--- WHAT YOU NEED TO DO ---
From the first line of the entries below through the line holding "Men Ethnic Embroidered", write out every line exactly, please, and leave out the pictures.

--- THE DATA ---

%%

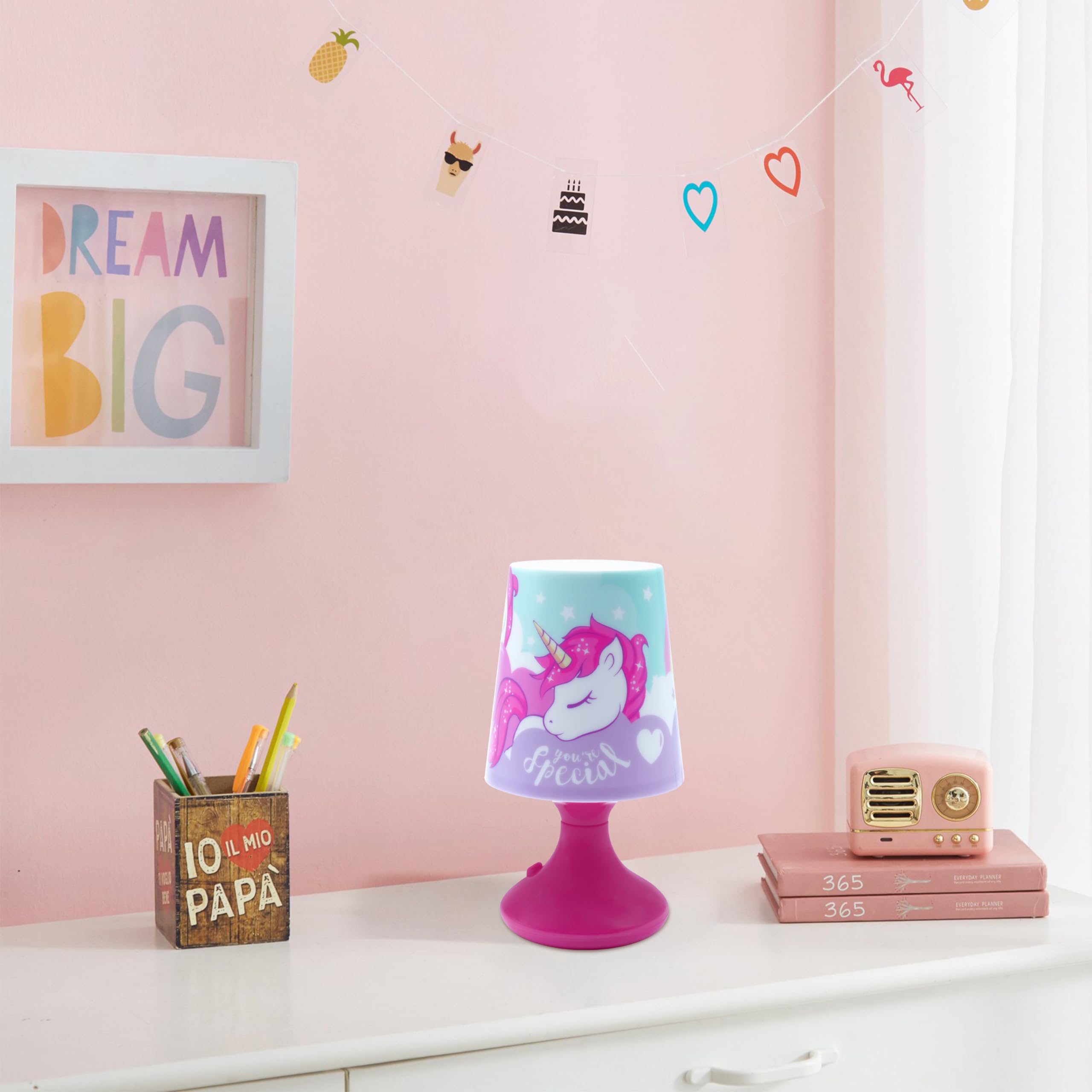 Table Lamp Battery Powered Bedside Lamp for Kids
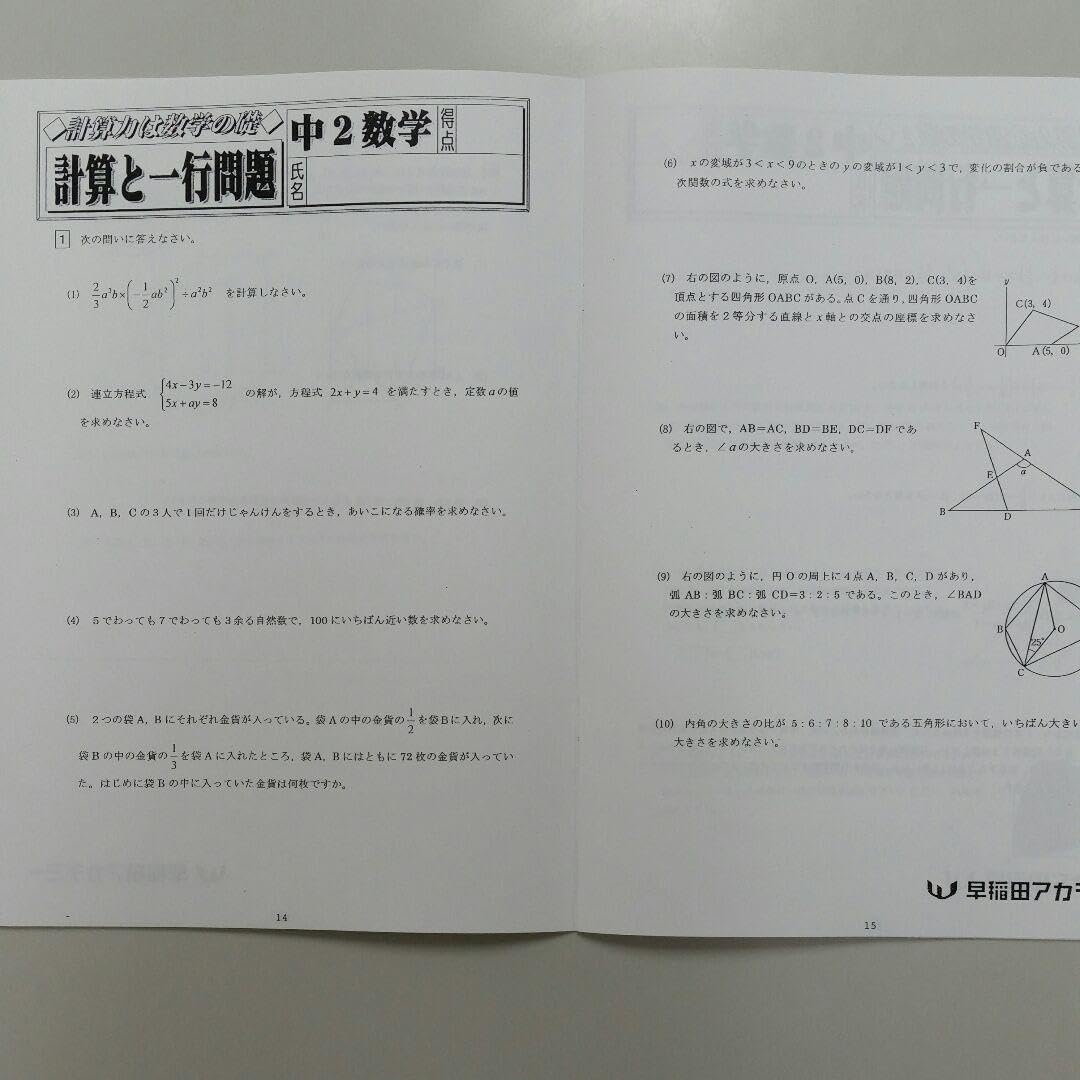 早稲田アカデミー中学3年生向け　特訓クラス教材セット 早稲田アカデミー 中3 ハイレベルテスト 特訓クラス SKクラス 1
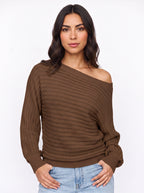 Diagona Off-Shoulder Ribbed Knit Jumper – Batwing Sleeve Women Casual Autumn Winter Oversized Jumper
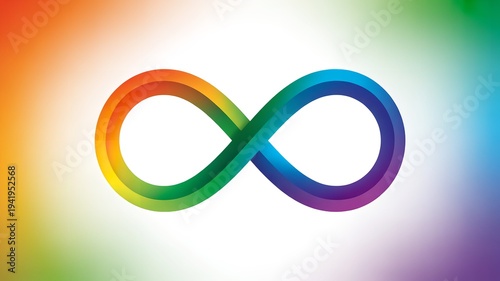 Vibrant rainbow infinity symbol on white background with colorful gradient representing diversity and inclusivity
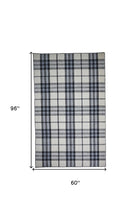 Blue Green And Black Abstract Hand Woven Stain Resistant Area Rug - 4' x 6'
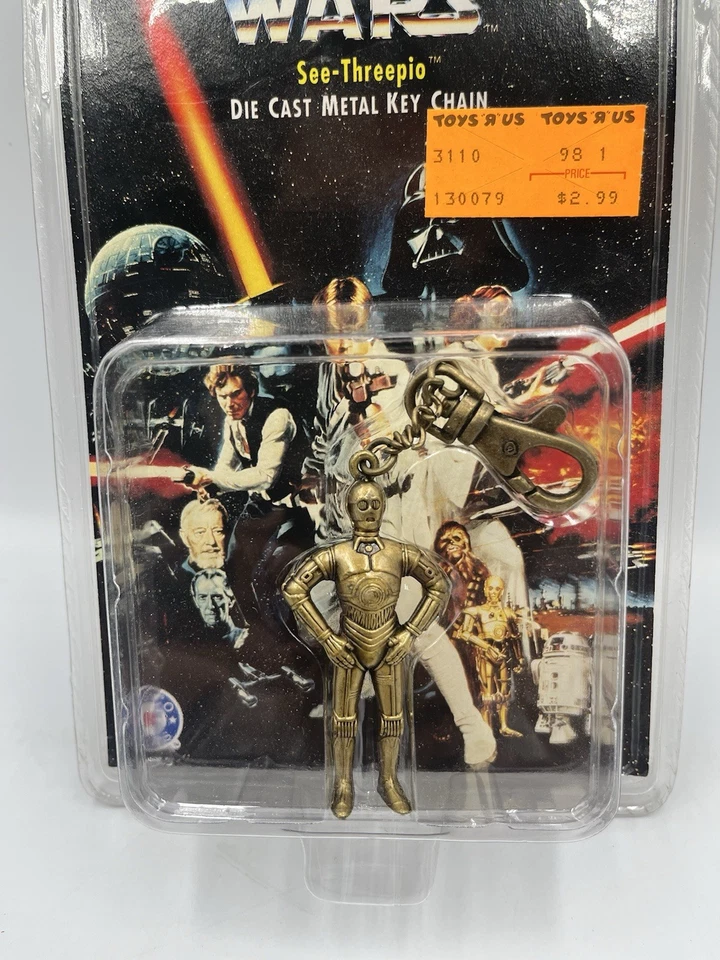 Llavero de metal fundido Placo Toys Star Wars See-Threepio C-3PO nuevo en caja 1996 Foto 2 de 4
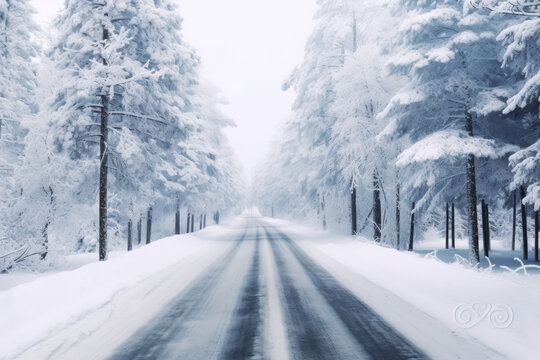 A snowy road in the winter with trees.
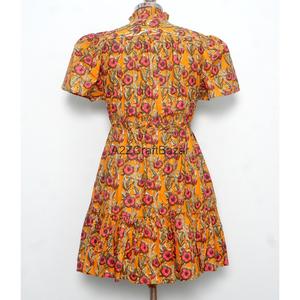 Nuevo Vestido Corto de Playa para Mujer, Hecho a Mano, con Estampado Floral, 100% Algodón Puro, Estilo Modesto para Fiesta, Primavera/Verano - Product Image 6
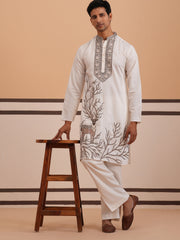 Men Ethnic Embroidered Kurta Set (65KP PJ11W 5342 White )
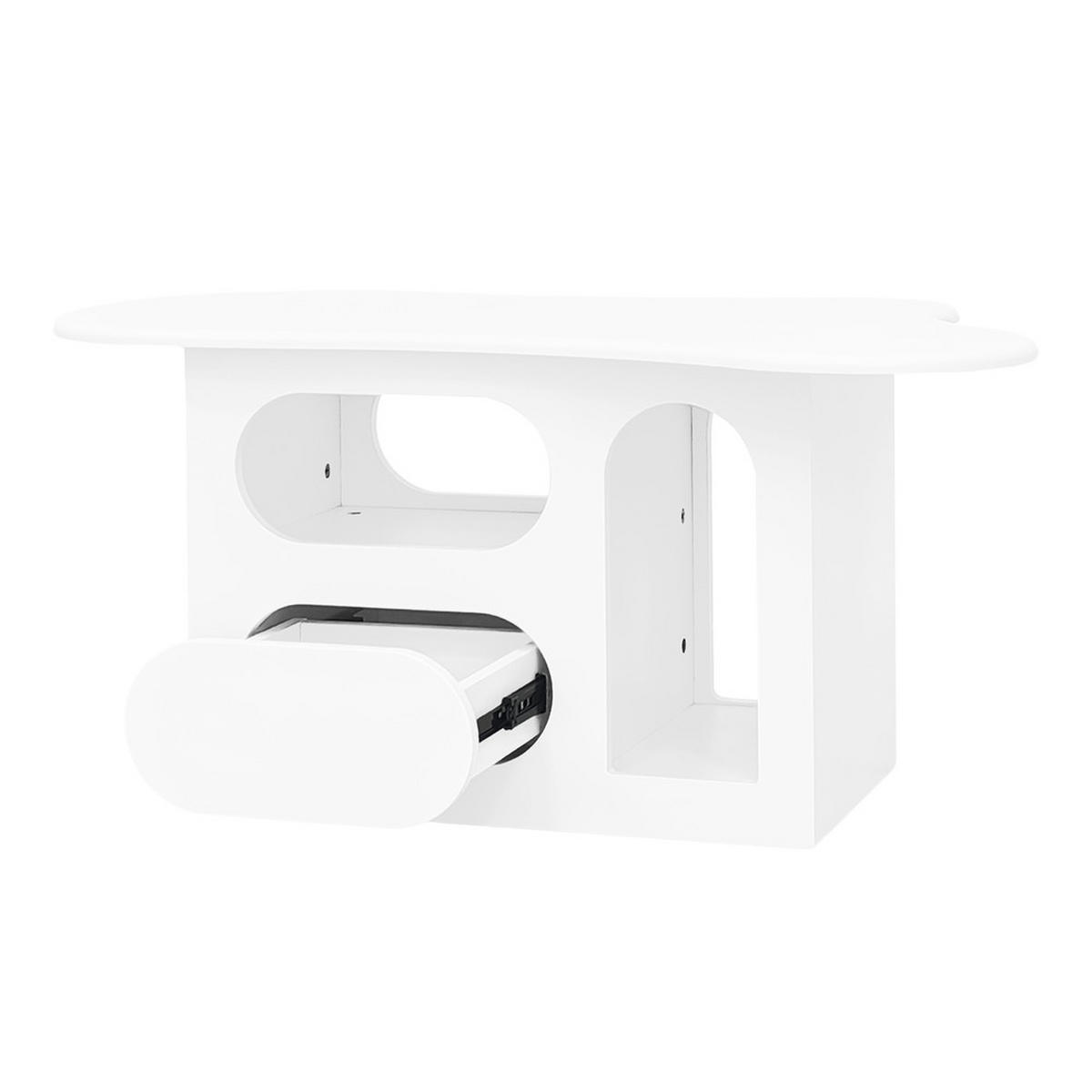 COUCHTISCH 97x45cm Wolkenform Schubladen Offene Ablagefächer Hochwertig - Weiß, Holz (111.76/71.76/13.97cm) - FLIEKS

%%

--- RESULT OF THIS EXERCISE ---
 Table Lamp Battery Powered Bedside Lamp for Kids
 早稲田アカデミー中学3年生向け　特訓クラス教材セット 早稲田アカデミー 中3 ハイレベルテスト 特訓クラス SKクラス 1
 Diagona Off-Shoulder Ribbed Knit Jumper – Batwing Sleeve Women Casual Autumn Winter Oversized Jumper
 Vibrant rainbow infinity symbol on white background with colorful gradient representing diversity and inclusivity
 Blue Green And Black Abstract Hand Woven Stain Resistant Area Rug - 4' x 6'
 Llavero de metal fundido Placo Toys Star Wars See-Threepio C-3PO nuevo en caja 1996 Foto 2 de 4
 A snowy road in the winter with trees.
 Nuevo Vestido Corto de Playa para Mujer, Hecho a Mano, con Estampado Floral, 100% Algodón Puro, Estilo Modesto para Fiesta, Primavera/Verano - Product Image 6
 Men Ethnic Embroidered Kurta Set (65KP PJ11W 5342 White )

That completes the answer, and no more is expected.